In Singapore, income tax obligations are categorised into resident and non-resident tax treatment. A tax resident includes non-Singapore citizens and permanent residents who have (i) stayed or worked in Singapore (i) for at least 183 days in the previous calendar year, (ii) continuously for three consecutive years, or (iii) for a continuous period straddling two calendar years and the total period of stay is at least 183 days.[16] Tax residents are taxed on all income earned in Singapore which applies on a progressive model, subject to a topline personal income tax rate of 22%.[17]Ibid. In contrast, non-tax residents are taxed on all income earned in Singapore and are subject the higher of a flat tax rate of 15%, or the progressive tax rate applied to tax residents.

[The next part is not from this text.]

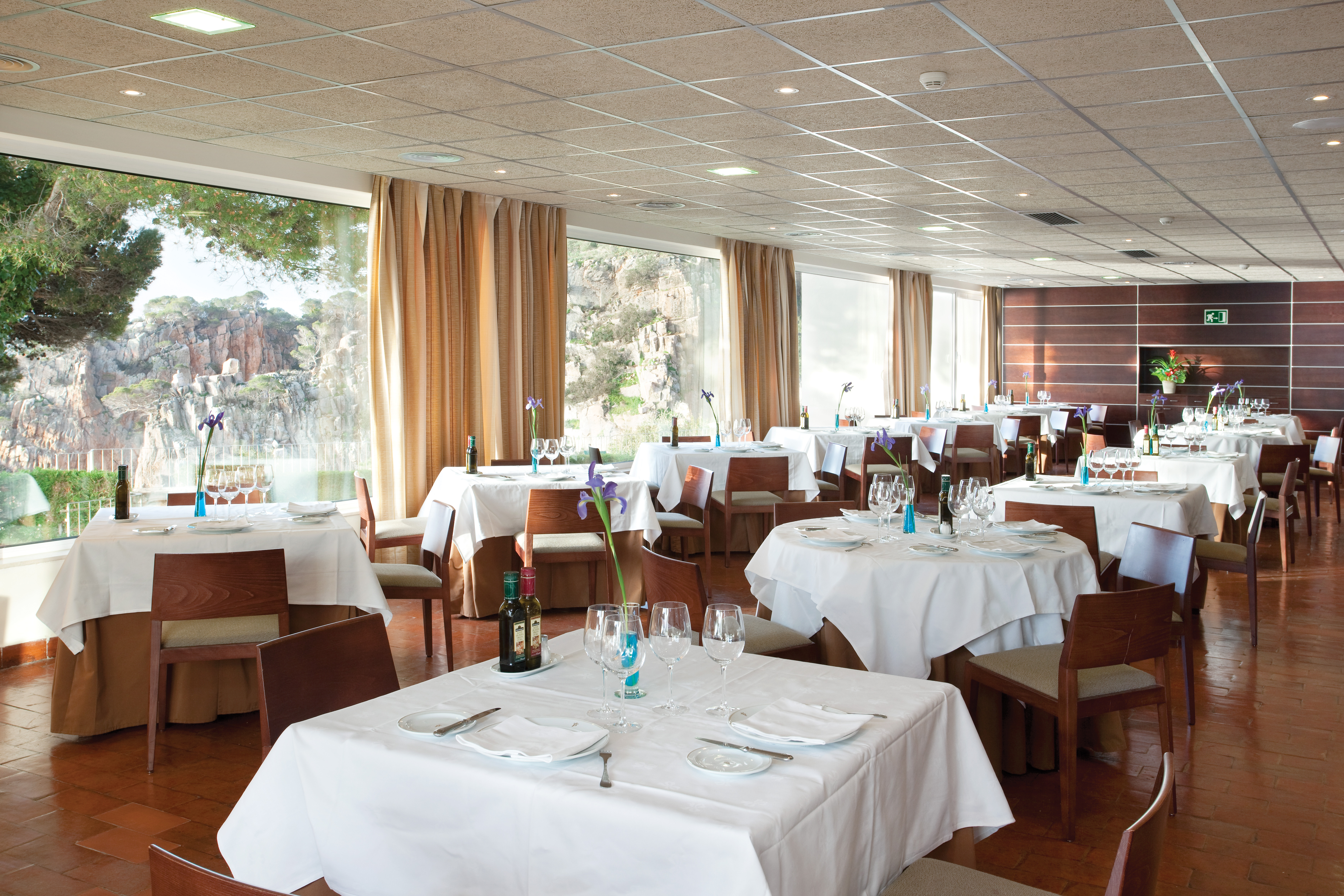 Restaurant with tables and chairs set up and laid out for dining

As a choice forum for international mediators and cross-border matters, the Ministry of Law has taken deliberate efforts to strengthen Singapore’s position as an international dispute resolution hub. As part of a review of tax incentives, income earned by non-resident mediators will be tax-exempt till 31 March 2023.[18] Gross income derived by non-tax resident mediators will be subject to a concessionary withholding tax rate of 10% from 1 April 2023 to 31 December 2027, and the usual withholding tax rate for non-resident professionals will continue to apply at 15%.[19]Ibid. For both domestic and international mediators, this is a welcome development for the profession.

(v) Closing Thoughts

This bite-sized post has examined four areas where legislative and policy measures have come into play to support the implementation of mediation within Singapore. Although more changes are likely to come, it is encouraging to see how mediation has been regarded as a priority in Singapore not simply at the international level, but also on the domestic front. This perhaps, is best surmised by a quote often credited to Mahatma Gandhi. “To be the change you wish to see in the world, where better than to start with yourself?”